Institut für Geschichte, Fachgebiet Mittelalterliche Geschichte


Forschungsinteressen:

Infrastrukturgeschichte des Mittelalters, Regionalgeschichte des deutschen Südwestens; Historische Kulturwissenschaften; Geschichte Skandinaviens; Medizingeschichte; Historische Grundwissenschaften


Dissertationsprojekt:

Knoten im Netz – Städte an Rhein und Main als Ausgangspunkt einer mittelalterlichen Infrastruktur-Geschichte?
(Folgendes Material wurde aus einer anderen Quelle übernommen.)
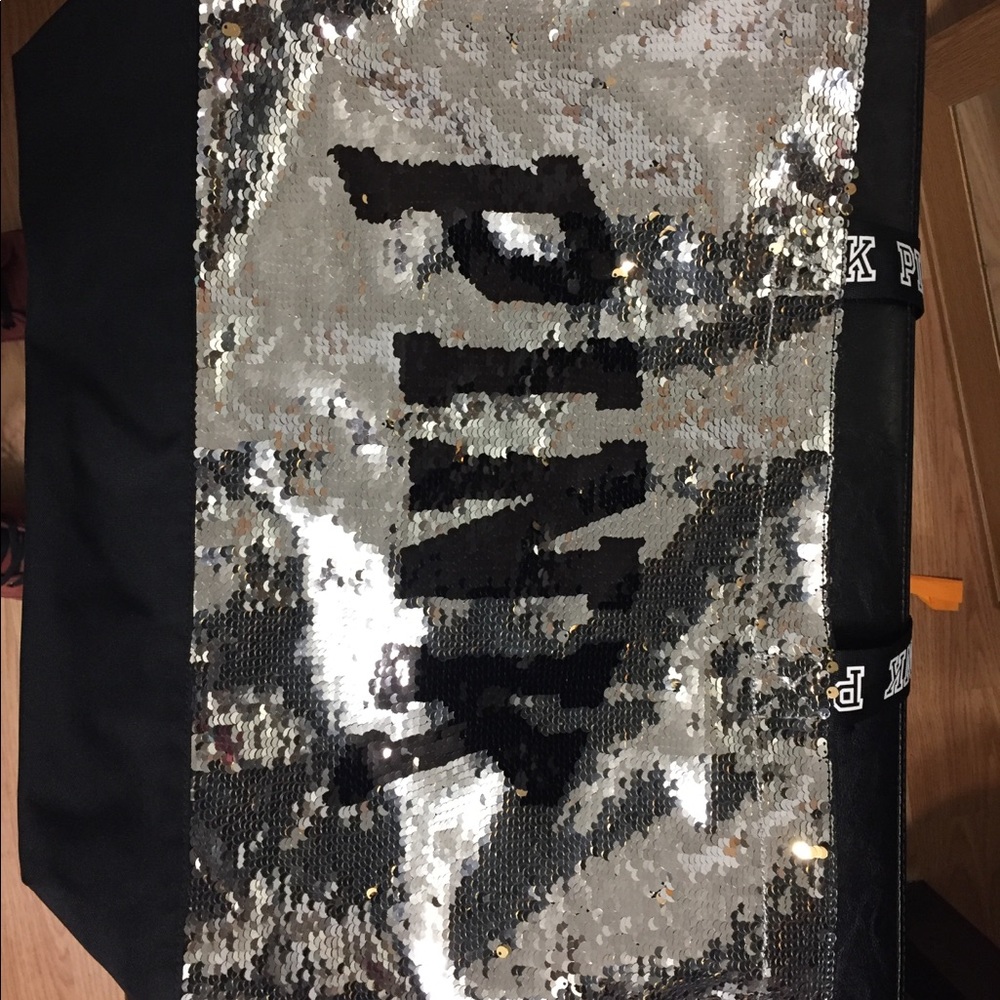 PINK sparkly tote bag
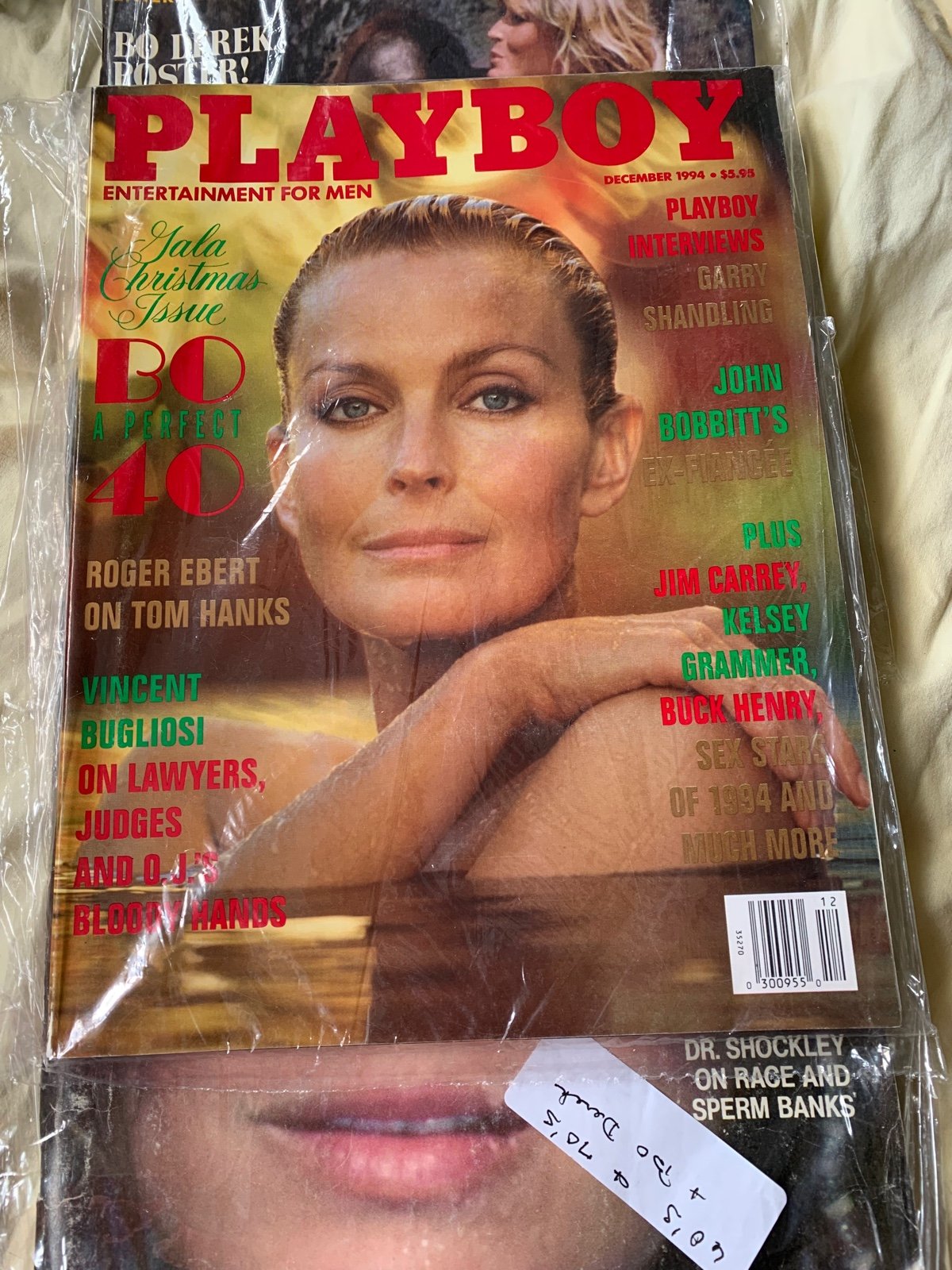 3 vintage playboy magazines featuring Bo Derek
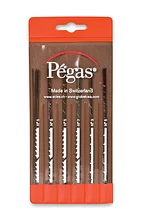 Пилки лобзиковые Pegas по дереву, 6 типов по 3 штуки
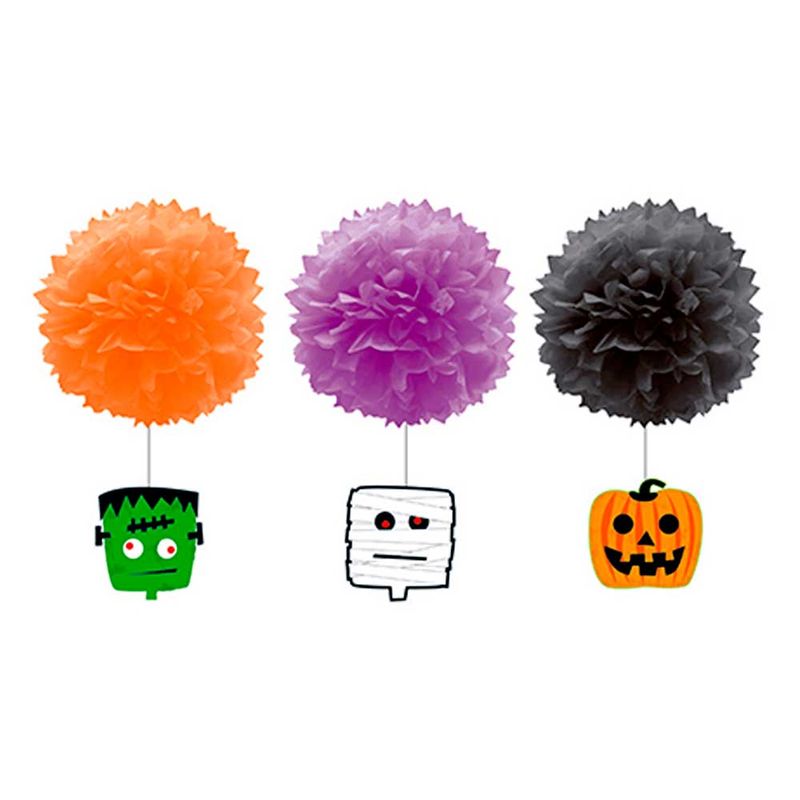 Halloween-Pom-Pom-Decorativo-c-3---Silver-Festas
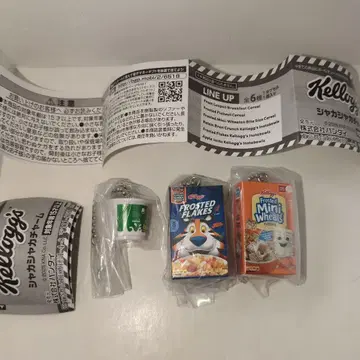 가챠 케로그 바스락 참 Kellogg 3종 3개 세트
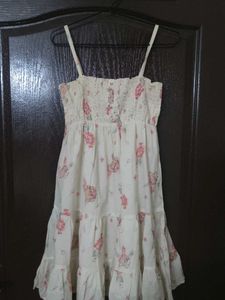 Floral Print Tiered Sundress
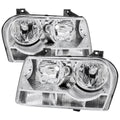 2005-2010 Chrysler 300 Factory Style Headlights (Chrome Housing / Clear Lens)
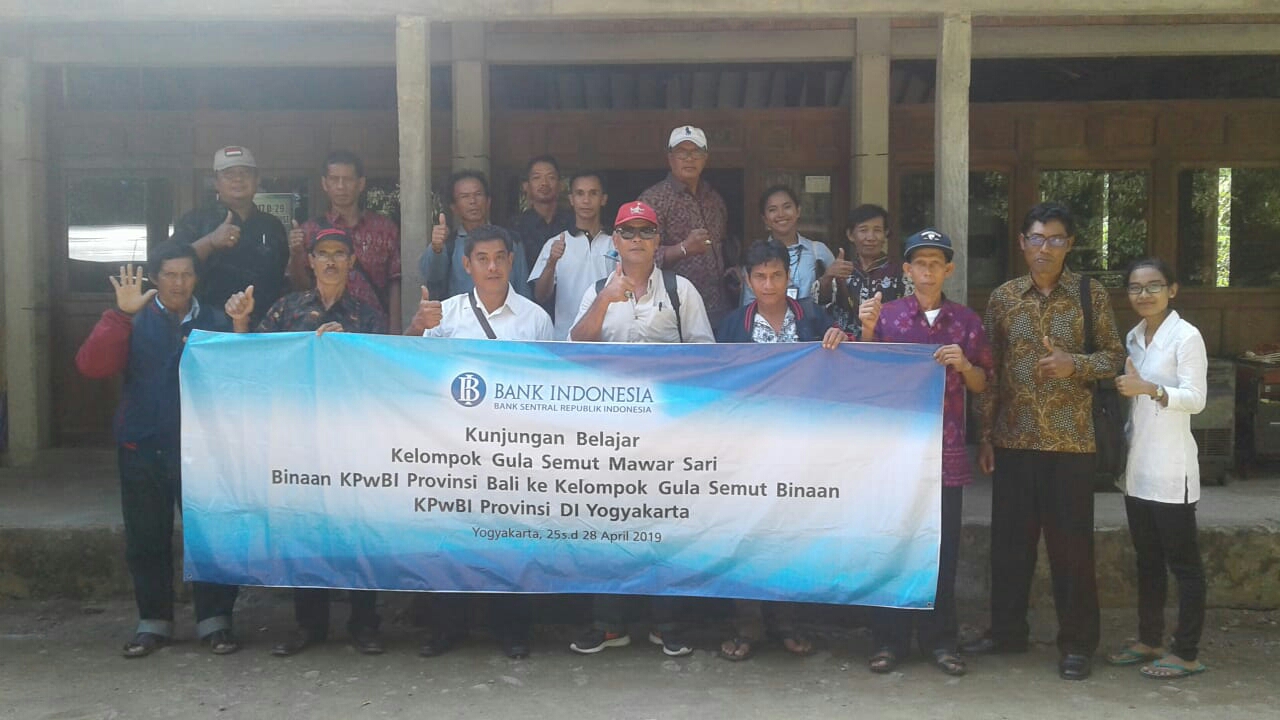 Dokumentasi dari - Pelaku UMKM Jembrana Binaan BI Bali Kunjungi Usaha Gula Semut Organik Yogyakarta
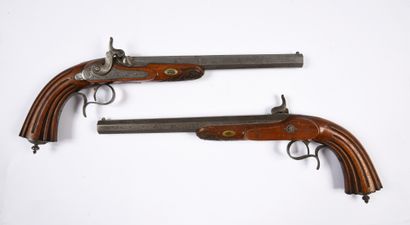 A BEAUTIFUL PAIR OF DUEL PISTOLS
OR PERCUSSION...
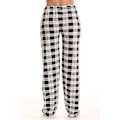 Pikkukuva 3 / 4: Naisten pyjamahousut taskuilla, pehmeät flanelliruudullinen pyjamahousut black M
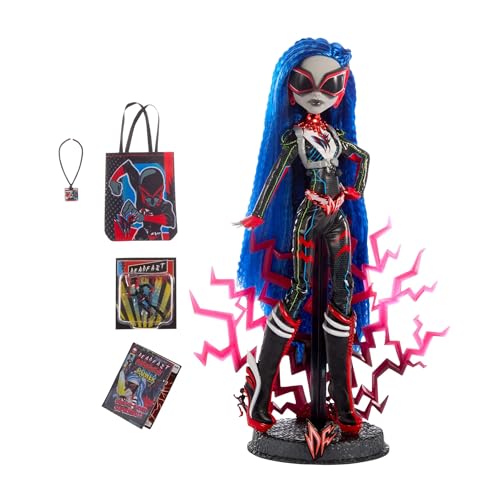 Monster High Deadfast Ghoulia Yelps SDCC 2024 Exclusive Doll - Tech Savvy Upgrade with Comic-Con Badge, Mini Figure, and Comic Book von Monster High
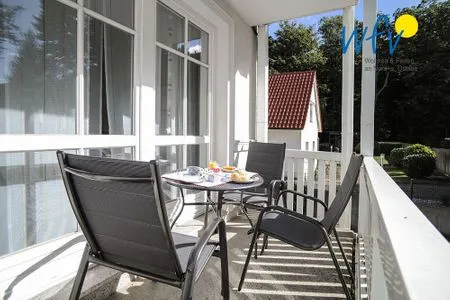 Terrasse Villa Malte Ferienwohnung Strandläufer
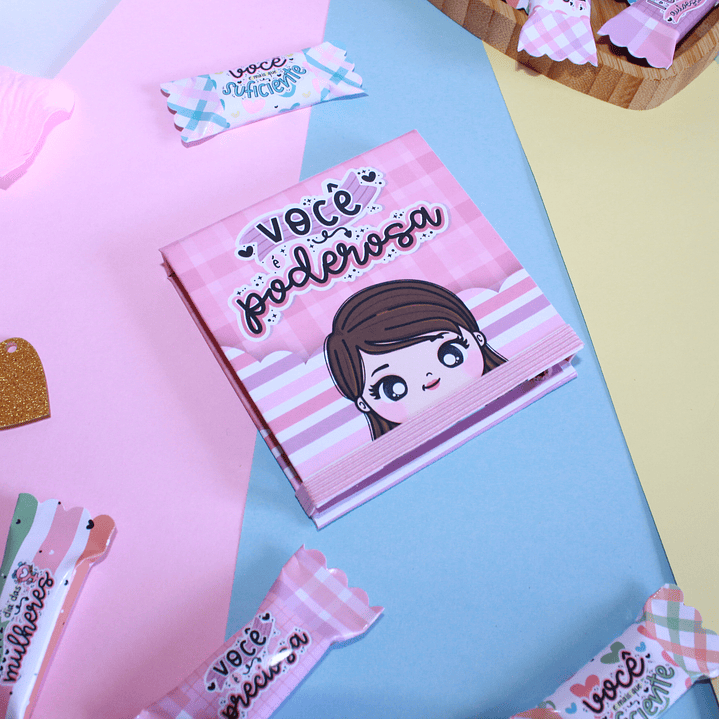 Arquivos Post-it 7,5x7,5cm Dia da Mulher Kit Digital Pdf e Png 2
Die historische Infrastrukturforschung ist gerade in Bezug auf die Epoche des Mittelalters ein Desiderat. Durch seine geographisch sehr günstige Lage, eignet sich die Stadt Mainz sehr gut für eine regional ausgelegte Studie, In unserem modernen Alltag sind ‚Infrastrukturen‘ allgegenwärtig, aber was ist diese ominöse ‚Infrastruktur‘ eigentlich? Gerade im Arbeitsgebiet der Mediävistik ist bisher noch nicht abschließend geklärt, ob dieser Begriff für den Zeitraum des Mittelalters überhaupt anwendbar ist und ob es eine ‚mittelalterliche Infrastrukturgeschichte‘ als eigenständige Forschungsrichtung geben kann. Daher versucht dieses Dissertationsprojekt diesen Fragen nachzugehen und unter der Voraussetzung eines dynamischen Kritikalitätsverständnisses einen theoretischen Unterbau zu einer möglichen ISG des Mittelalters zu entwerfen. Anschließend soll das Rhein-Main-Flusssystem als ein Netzwerk präsentiert werden, welches durch ‚Knoten‘ im Netz (Städte) charakterisiert wird. Durch das Werkzeug der ‚Kritikalitätszumessung‘ sollen die spezifischen Schnittstellen innerhalb der Knoten ermittelt und in ihrer Bedeutung erfasst werden.